ROANOKE TIMES

                         Roanoke Times
                 Copyright (c) 1995, Landmark Communications, Inc.

DATE: FRIDAY, July 21, 1995                   TAG: 9507210089
SECTION: VIRGINIA                    PAGE: B-4   EDITION: NEW RIVER VALLEY 
SOURCE: IAN ZACK THE DAILY PROGRESS
DATELINE: CHARLOTTESVILLE (AP)                                LENGTH: Medium


LEWIS AND CLARK DEVOTEES RETURN TO THE TREK'S SOURCE

WESTERN MEMBERS of the group of "rugged individualists" and history buffs are eager to visit the place where the idea of westward expansion began.

You'd probably think a national group devoted to studying Lewis and Clark's famed westward expedition would hold a meeting or two in Charlottesville, the birthplace for the trip that changed America.

You'd be wrong. Until now.

For the first time in its 27-year history, the National Lewis and Clark Trail Heritage Foundation is holding its annual get-together in Charlottesville, bringing to town from all over the country more than 250 devotees of Meriwether Lewis and William Clark, who, at the behest of President Thomas Jefferson, explored the great Western frontier of the United States beginning in 1804.

``They've wanted to come for years, but they never really had a sponsoring group,'' said Jane Henley, a member of Charlottesville's recently formed ``Home Front'' chapter of the foundation.

The chapter formed only 21/2 years ago, said Henley, a retired schoolteacher from Charlottesville, who is a great-great-great-great-niece of Meriwether Lewis, who was born in Albemarle County.

About 100 people from around Virginia, mostly nonacademics who got hooked on the famed explorers, have joined, Henley said.

``They're sort of rugged individualists and also the historically inclined and people who have gotten kind of a fever,'' she said.

The president of the local chapter is former Charlottesville Police Chief John Bowen, who also traces his family back to Lewis.

Bowen laughs when asked why Charlottesville never had a group of Lewis and Clark enthusiasts until recently, given all their historical ties to the area.

``Here in the East, we're just very casual about history, we have so much it,'' he said.

The national foundation, which formed in 1969, has held only a few meetings east of the Mississippi, so Western members are eager to visit the place where the idea of westward expansion began.

As president, Jefferson acquired the Louisiana Territory for the United States from France in 1803 and put Lewis and Clark in charge of exploring the new frontier and finding a passage to the Pacific Ocean.

``It was really in Jefferson's mind this was conceived, so in that sense, we are going back to the source,'' said former foundation President Robert Doerk Jr. of Great Falls, Mont.

Doerk said people out west have a different perspective of Lewis and Clark because they live in the territory first described by the explorers during their trek up the Missouri River and over the Rocky Mountains.

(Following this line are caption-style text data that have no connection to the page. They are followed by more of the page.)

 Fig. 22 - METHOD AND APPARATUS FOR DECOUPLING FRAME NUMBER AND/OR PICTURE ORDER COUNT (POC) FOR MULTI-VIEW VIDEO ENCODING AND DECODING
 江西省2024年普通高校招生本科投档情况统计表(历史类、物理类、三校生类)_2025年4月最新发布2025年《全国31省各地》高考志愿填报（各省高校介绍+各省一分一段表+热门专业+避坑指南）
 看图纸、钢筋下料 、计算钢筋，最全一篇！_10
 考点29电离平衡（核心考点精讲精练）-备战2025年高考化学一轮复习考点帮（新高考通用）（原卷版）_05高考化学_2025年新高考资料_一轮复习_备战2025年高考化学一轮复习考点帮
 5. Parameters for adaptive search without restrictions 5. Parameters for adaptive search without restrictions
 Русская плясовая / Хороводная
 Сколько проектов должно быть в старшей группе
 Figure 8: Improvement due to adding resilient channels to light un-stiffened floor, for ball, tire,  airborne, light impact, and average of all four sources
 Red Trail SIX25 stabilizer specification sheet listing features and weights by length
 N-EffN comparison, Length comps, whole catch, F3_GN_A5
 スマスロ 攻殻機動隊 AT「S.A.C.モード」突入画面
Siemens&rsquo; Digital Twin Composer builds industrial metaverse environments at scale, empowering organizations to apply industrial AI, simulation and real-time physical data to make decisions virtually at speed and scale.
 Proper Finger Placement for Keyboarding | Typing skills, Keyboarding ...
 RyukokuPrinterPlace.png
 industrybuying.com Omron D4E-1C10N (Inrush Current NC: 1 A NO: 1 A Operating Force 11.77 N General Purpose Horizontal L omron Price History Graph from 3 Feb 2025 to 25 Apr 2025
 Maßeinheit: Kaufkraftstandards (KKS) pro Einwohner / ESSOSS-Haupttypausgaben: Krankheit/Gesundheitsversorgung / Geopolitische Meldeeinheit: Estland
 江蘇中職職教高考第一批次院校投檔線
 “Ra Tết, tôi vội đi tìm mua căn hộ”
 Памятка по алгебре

``You can go out and experience the sites here in the West more than you can in the East,'' said Doerk, who noted that the expedition camped in 228 locations in Montana alone, recording details of flora, fauna and Indian culture in extensive journals.

The thrill for Doerk and many of the other 260 foundation members expected from 34 states; Washington, D.C.; and Canada will be to see the many historical sites in Virginia related to the explorers and their families.

Included on the four-day meeting's itinerary from July 30 through Aug. 2 are trips to Jefferson's home at Monticello; Lewis' birthplace at Locust Hill in Ivy; and Buena Vista, birthplace of Clark's older brother George Rogers Clark, a frontier military leader who also helped expand the Colonies westward during the Revolutionary War.

Only three foundation events are open to the public, including a map exhibit at the University of Virginia's Alderman Library that examines the planning of the Lewis and Clark expedition and Jefferson's view of the West; a seminar by University of Virginia historian Peter S. Onuf on Thomas Jefferson and the Western expansion; and the unveiling of a historic marker at the newly discovered birthplace of William Clark.